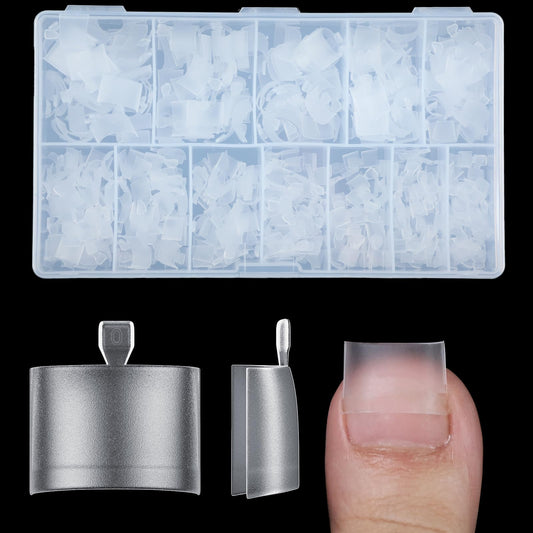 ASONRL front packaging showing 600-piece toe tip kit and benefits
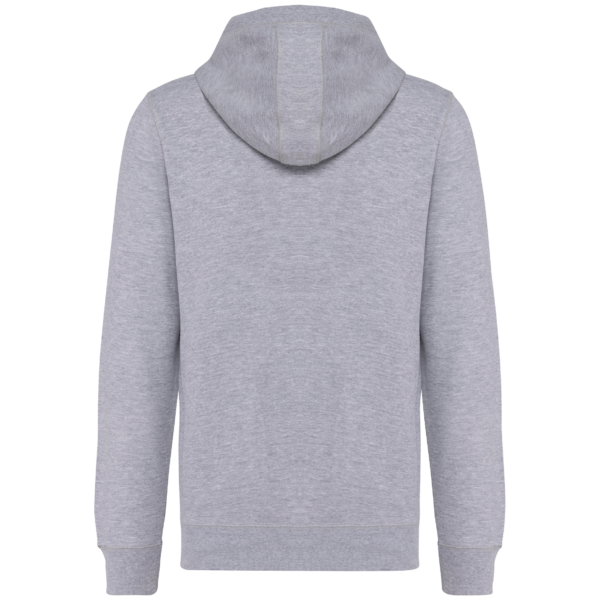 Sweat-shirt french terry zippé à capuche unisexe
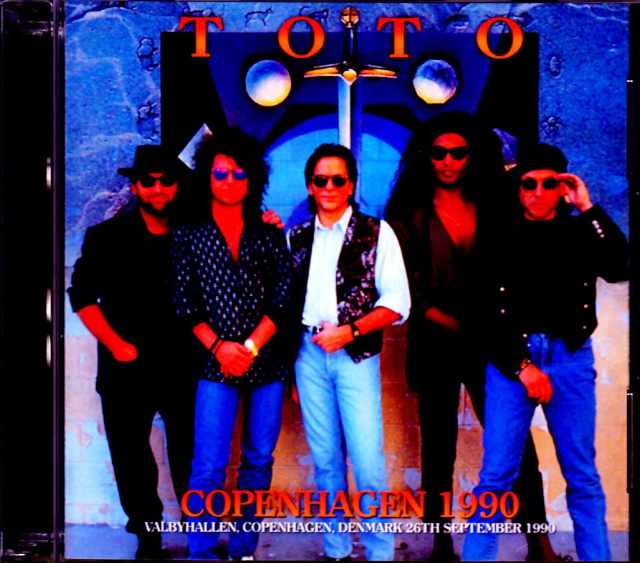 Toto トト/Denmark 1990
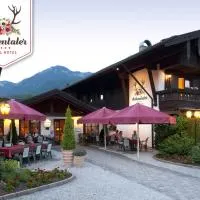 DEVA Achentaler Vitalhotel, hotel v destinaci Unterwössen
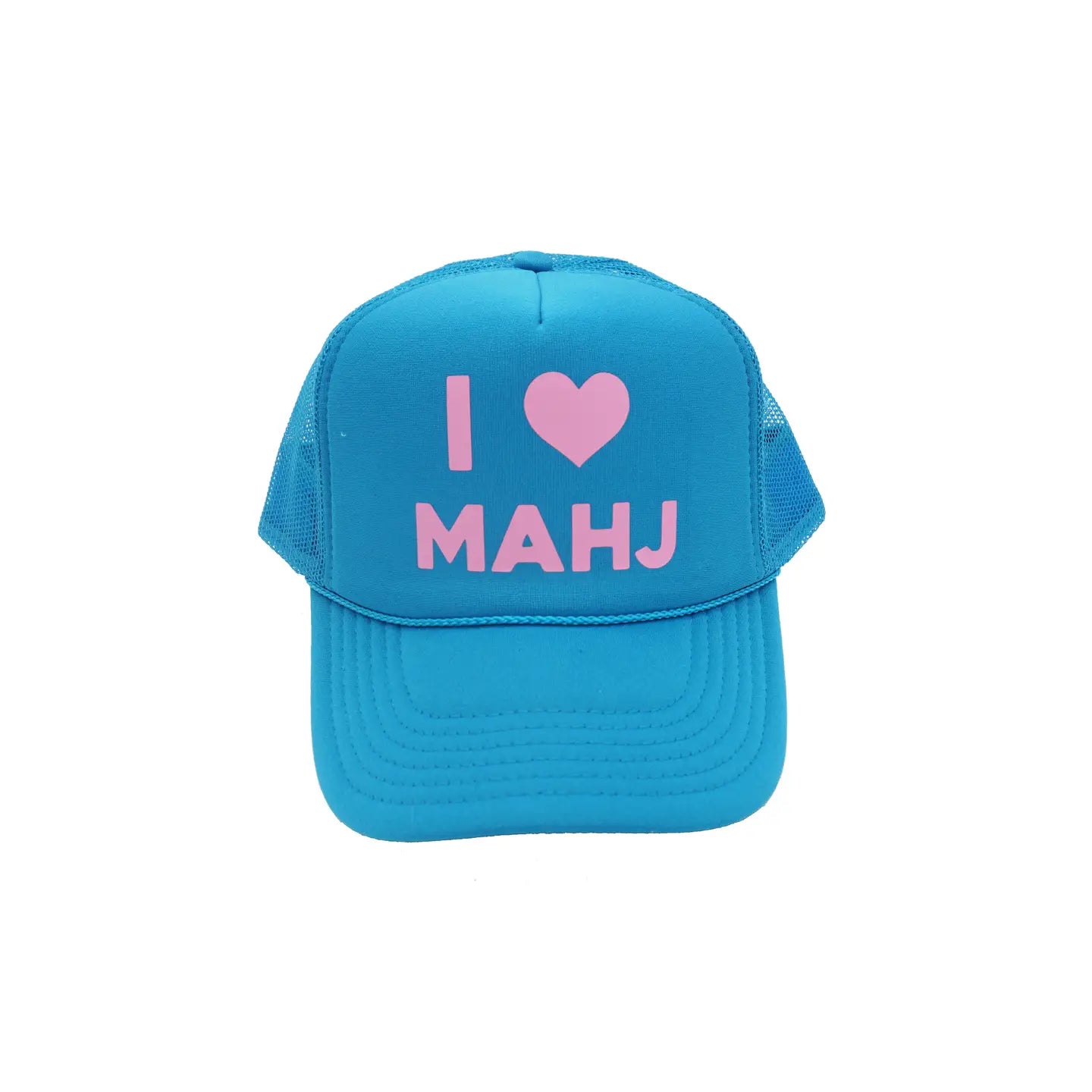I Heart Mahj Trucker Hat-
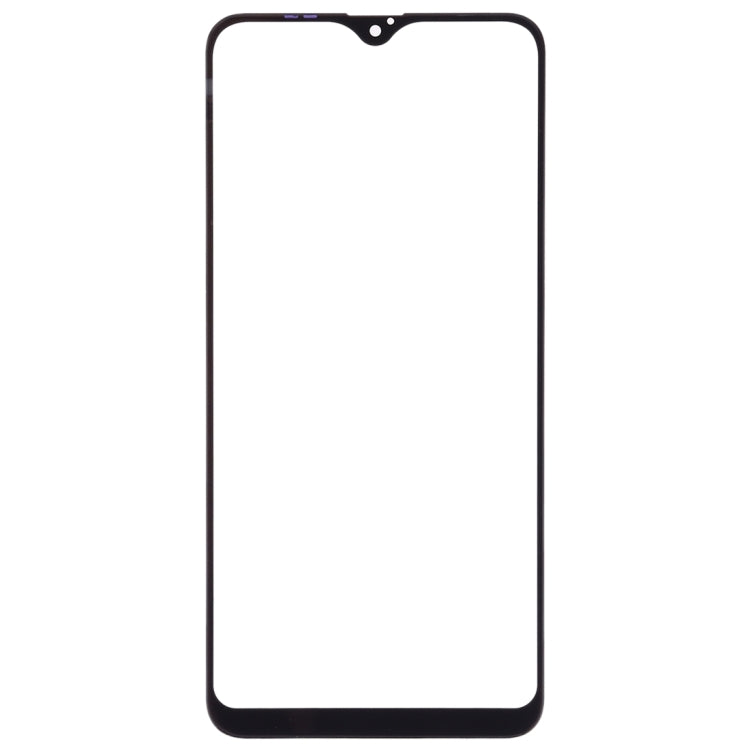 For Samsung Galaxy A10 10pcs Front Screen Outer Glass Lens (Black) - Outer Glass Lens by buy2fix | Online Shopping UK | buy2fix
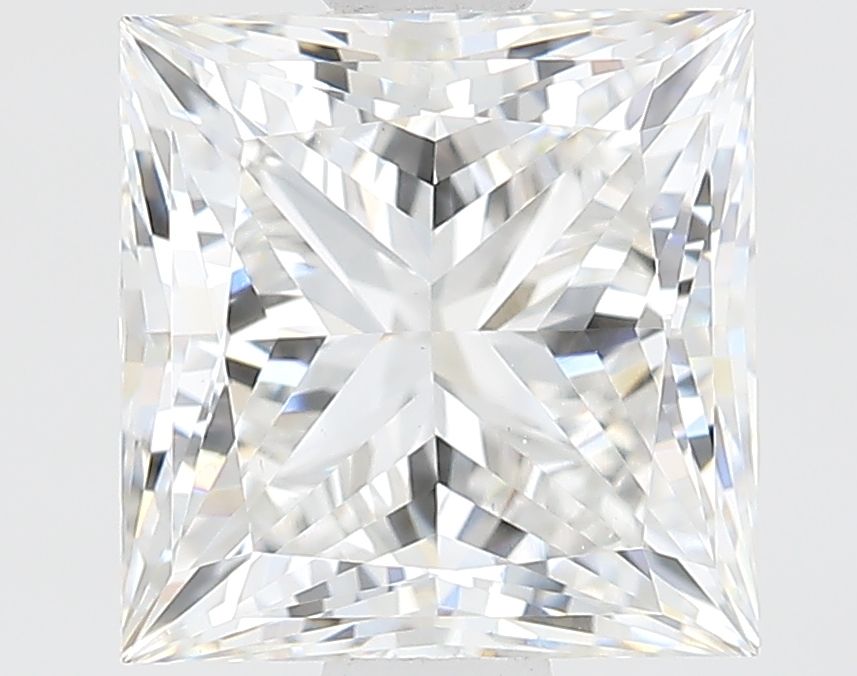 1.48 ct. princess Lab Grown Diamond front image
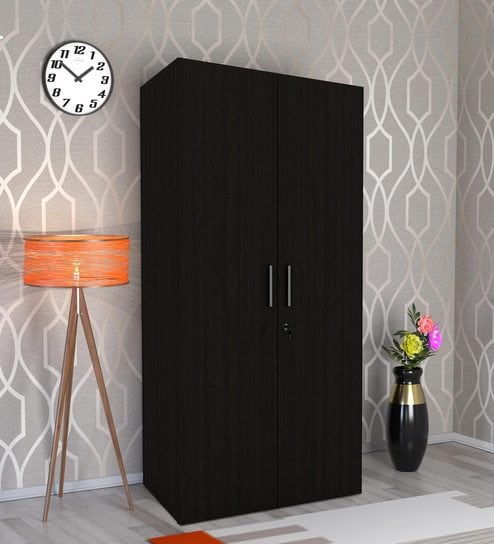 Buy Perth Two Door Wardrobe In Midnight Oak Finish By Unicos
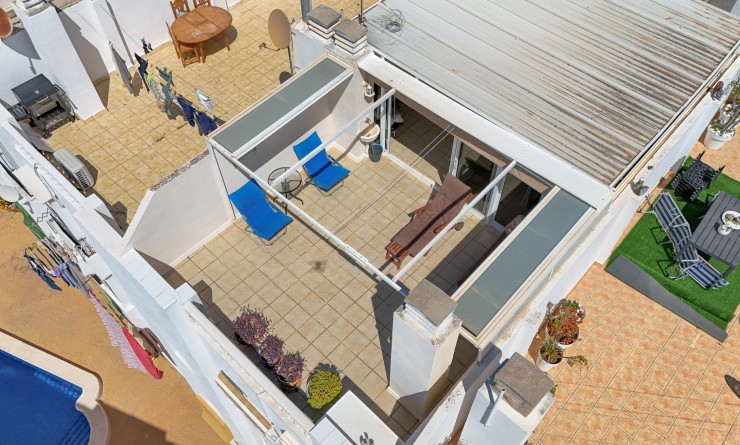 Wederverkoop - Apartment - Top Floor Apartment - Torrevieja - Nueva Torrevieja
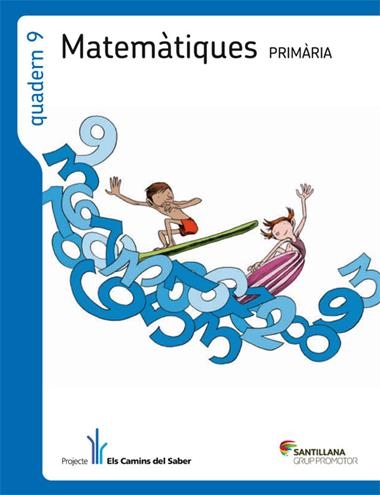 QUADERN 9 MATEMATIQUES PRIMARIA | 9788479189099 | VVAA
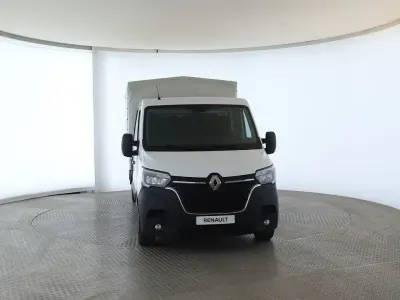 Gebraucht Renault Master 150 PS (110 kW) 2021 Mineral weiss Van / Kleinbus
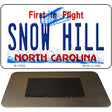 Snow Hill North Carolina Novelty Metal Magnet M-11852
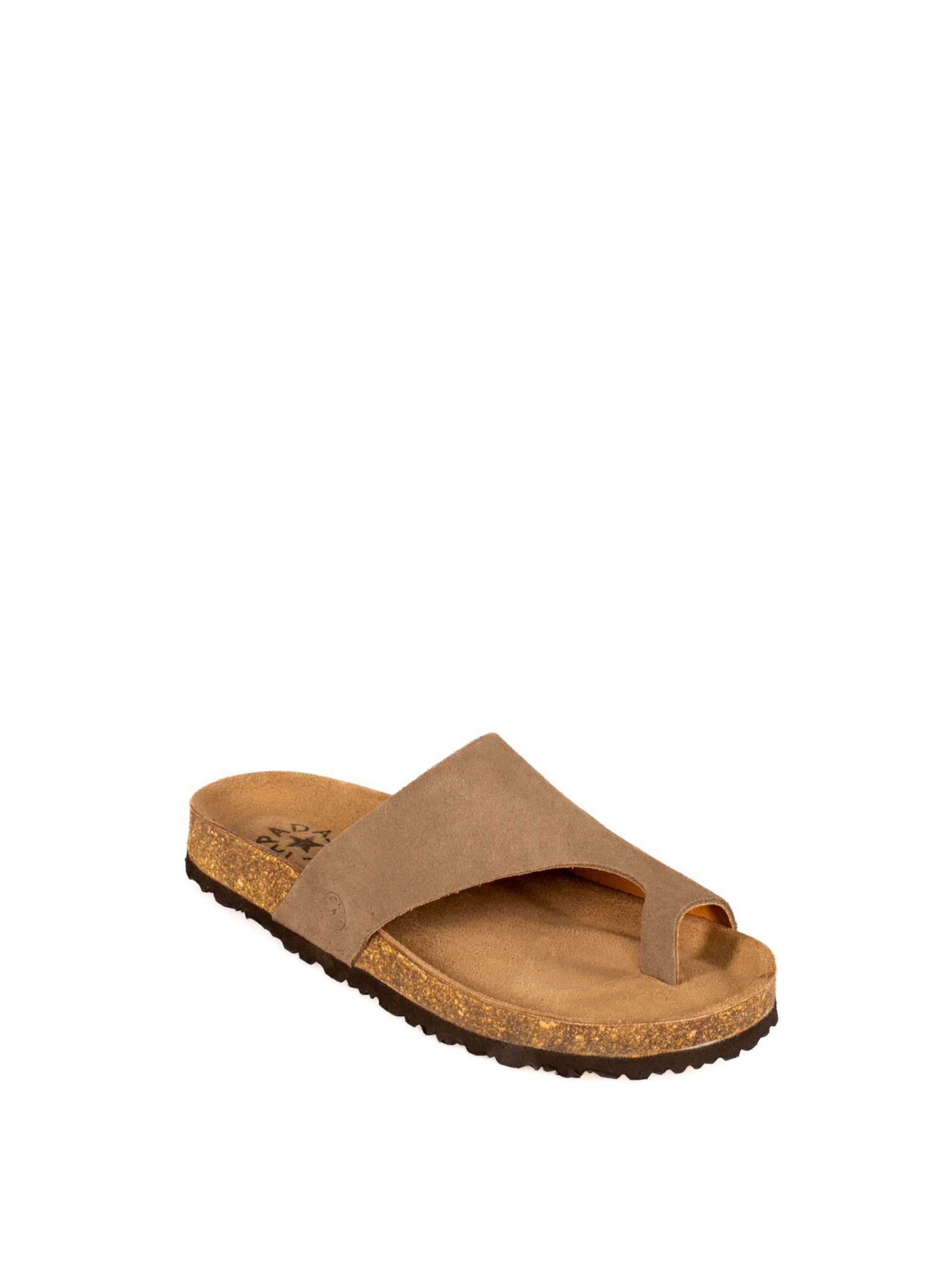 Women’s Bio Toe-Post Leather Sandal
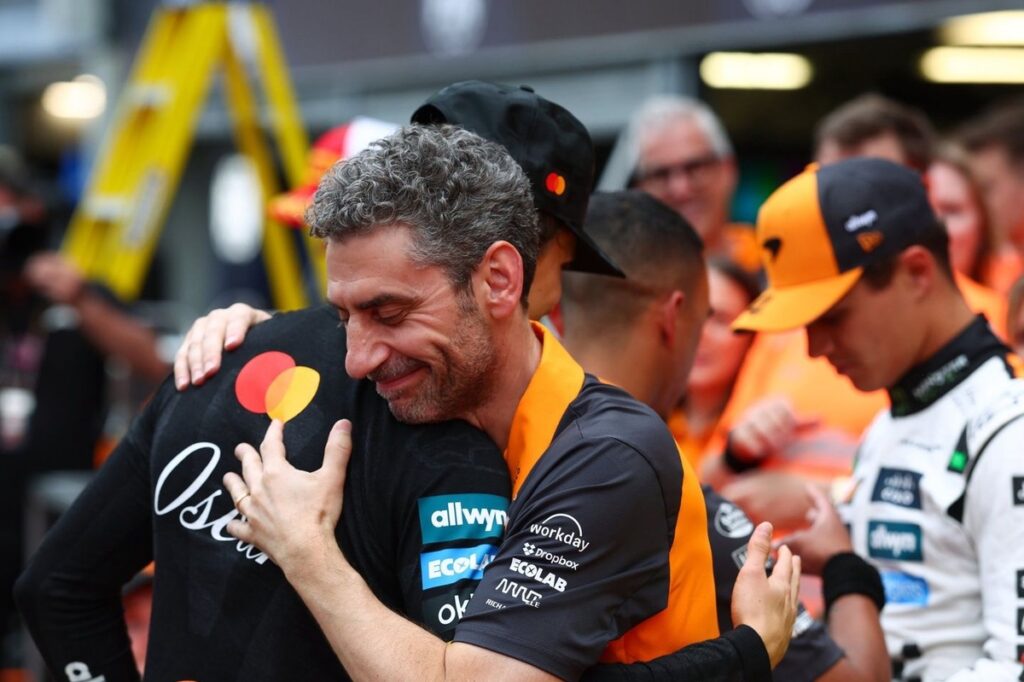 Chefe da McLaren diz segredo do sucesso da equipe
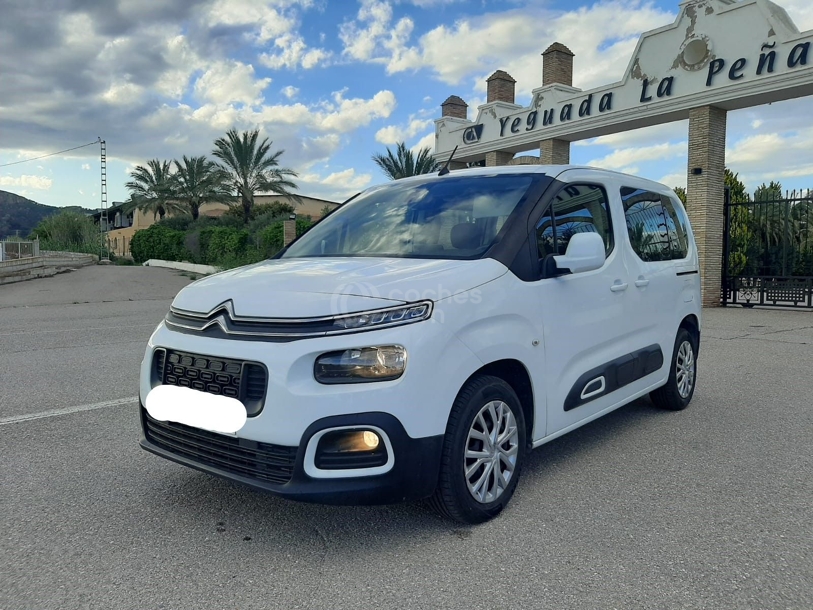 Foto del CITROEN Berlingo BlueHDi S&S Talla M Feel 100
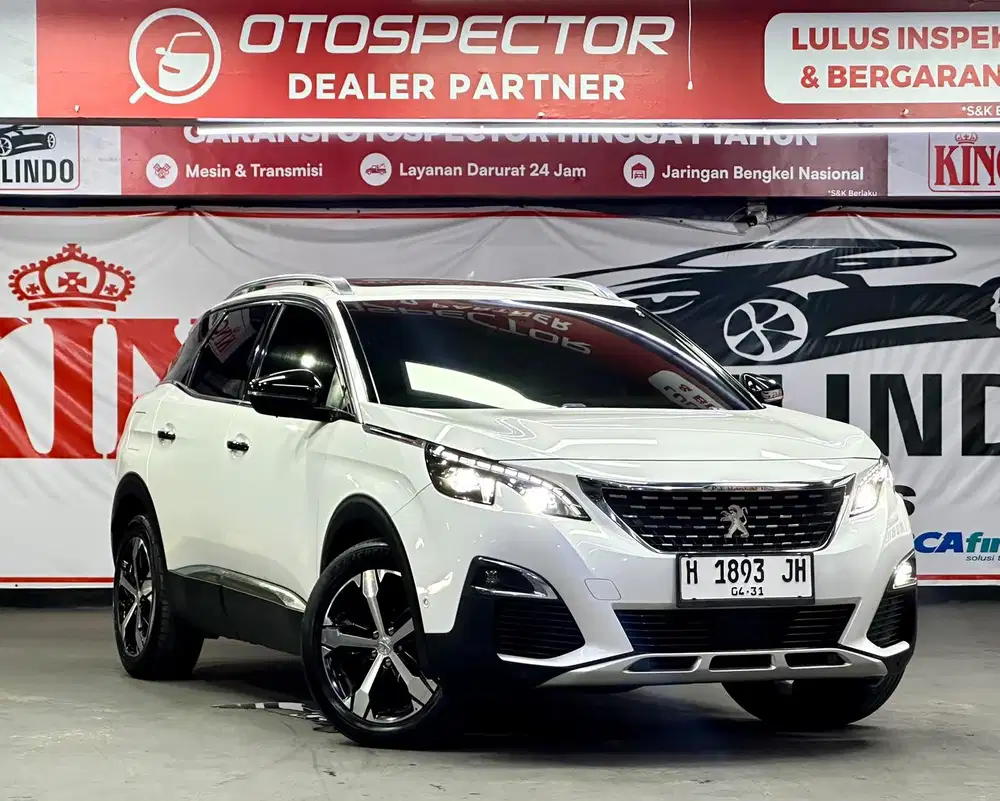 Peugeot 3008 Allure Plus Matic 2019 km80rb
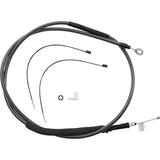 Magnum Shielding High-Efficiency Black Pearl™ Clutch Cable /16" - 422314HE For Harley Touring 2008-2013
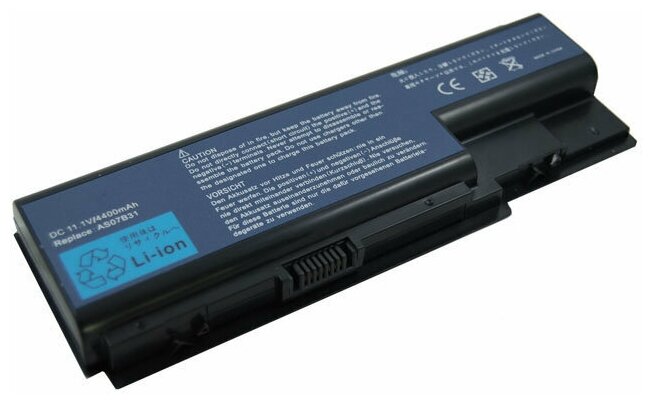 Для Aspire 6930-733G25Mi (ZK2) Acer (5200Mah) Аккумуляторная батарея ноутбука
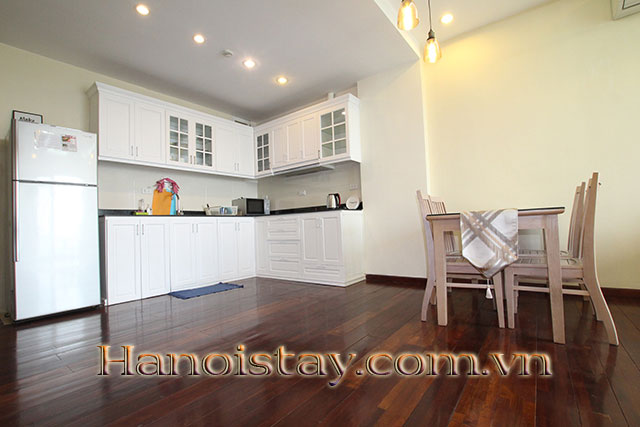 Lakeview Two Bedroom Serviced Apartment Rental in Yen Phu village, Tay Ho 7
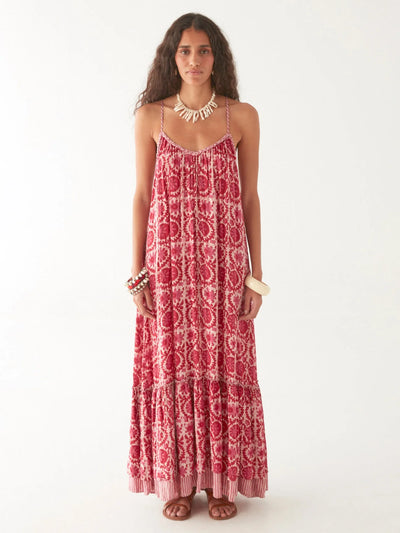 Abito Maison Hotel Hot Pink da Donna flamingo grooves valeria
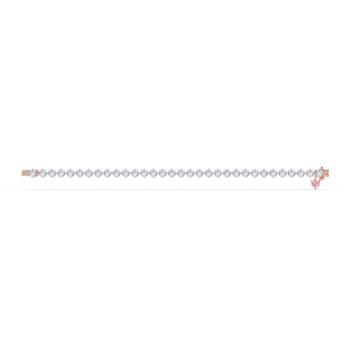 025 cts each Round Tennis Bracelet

*What this task involves*.
Nothing but an exact copy is needed, covering the lines from the line with "Foto del CITROEN" through the last line of the entries, pictures excluded.

*Task solution*.
 Foto del CITROEN Berlingo BlueHDi S&S Talla M Feel 100
 Peugeot 3008 Allure Plus Matic 2019 km80rb
 Magnum Shielding High-Efficiency Black Pearl™ Clutch Cable /16" - 422314HE For Harley Touring 2008-2013
 Для Aspire 6930-733G25Mi (ZK2) Acer (5200Mah) Аккумуляторная батарея ноутбука
 Lakeview Two Bedroom Serviced Apartment Rental in Yen Phu village, Tay Ho 7
 Abito Maison Hotel Hot Pink da Donna flamingo grooves valeria
 025 cts each Round Tennis Bracelet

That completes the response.